高岡正人氏は、東京大学教養学部で国際関係論学士号を取得し、ハーバード大学ケネディスクールで行政学修士号を取得しました。外務省総合外交政策局軍備管理軍縮課兵器関連物資等不拡散室長、外務省大臣官房海外広報課長、外務省大臣官房参事官兼経済局副局長、財務省大臣官房審議官(国際局担当)、防衛庁書記官・防衛庁運用局訓練課長を歴任しました。高岡氏は、在インド日本大使館政務担当参事官、ウィーン国際機関日本政府代表部一等書記官、イラク駐在特命全権大使、シドニー総領事を務めた経験があります。2016年11月からモンゴル駐在特命全権大使を務めています。

J(ジャルガルサイハン): こんにちは。

高岡正人: こんにちは。番組に招待して頂き、ありがとうございます。

J: あなたがモンゴルに駐在する日本の特命全権大使に任命されて2年が経ちました。この11月に3年になると思います。今日までのモンゴルでの仕事について感想を聞かせてください。

高岡正人: とても素晴らしいです。私が2016年12月に初めてモンゴルに来た時は、私のモンゴルについての知識はとても限られていました。それから約3年が経とうとしています。今、振り返ってみると、モンゴルでの3年間はとても充実していました。モンゴルはとても素晴らしい国です。また、日本とモンゴルの関係はとても緊密かつ積極的です。ですから、両国には様々な可能性があると思います。

J: あなたはイラク駐在特命全権大使、オーストラリアのシドニーで総領事を務めていました。現在、あなたはモンゴルにいます。あなたが外交官への道を歩むきっかけは何だったのですか? 

高岡正人: とても興味深い質問ですね。実は、私は田舎の出身で、兵庫県の高校学校を卒業して大学では理科学を学んでいました。しかし、私は理化学よりも興味のある学問を見つけ、それが国際関係の専門でした。最初はジャーナリストになり、政府の政策を批判する評論家を目指していました。しかし現実は、私自身が政府の職に就き、政策の作成や政府のプロジェクトへ参加したいと思うようになりました。つまり、公務分野に入りたかったため、外交官の道を選びました。

J: あなたはこれまで長く公職に就いてきました。1981年に外務省に入省し、ウィーン、イギリスなどの国に赴任してきました。

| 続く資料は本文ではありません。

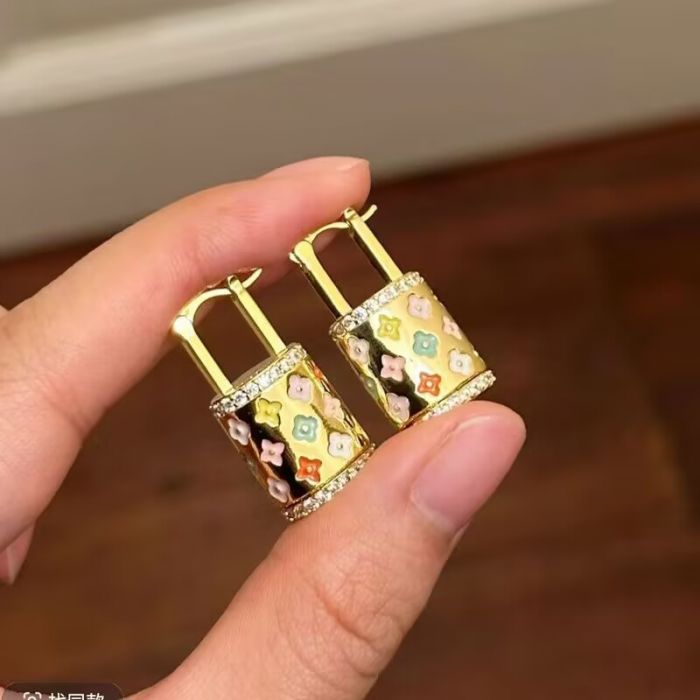 Mini Flower Padlock Earrings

そして、今日では外交公務の長にまで登り詰め、特命全権大使に二度任命されています。あなたは自身および日本の外務省の職務経験から、日本とモンゴルの外交の違いについて話して頂けますか?

高岡正人: 私はこの仕事を通じて、海外に赴任している、もしくは中央機関に務める多くの諸外国の外交官と会ってきました。私たちが直面する試練は似たようなもので、皆が1つの「言語」で話していると言えます。モンゴルの外務省の方たちと話していると、彼らが何を考えているかは直ぐに分かります。そのため、専門性において、例えば、外務大臣の前でどのような義務責任を負うのか、公共の利益のためにはどのように対応すべきか、国の立場を表明できる政策をどのように作成するかについて、私たちはお互いに同じように考えています。

J: 日本はモンゴルと初めて外交関係を樹立した西側諸国の1つです。モンゴルと最初に外交関係を樹立した西側の国はイギリスです。国交を樹立した当初、在モンゴル日本大使館はウランバートルホテルの中にありました。今日ではウランバートル市中心地にとてもきれいな建物を建てて、そこへ入っています。モンゴルと日本の外交および経済関係や協力活動は幅広くなっています。現在、両国の関係はハイレベルに達し、日本からモンゴルへの援助は増え続けています。このことを質的にみて、在モンゴル日本大使館がホテルから出て自分たちの建物を有するようになったことに例えても良いかもしれませんね。(笑)

あなたは特命全権大使として、政治および経済分野における日本とモンゴルの現状関係をどうみていますか?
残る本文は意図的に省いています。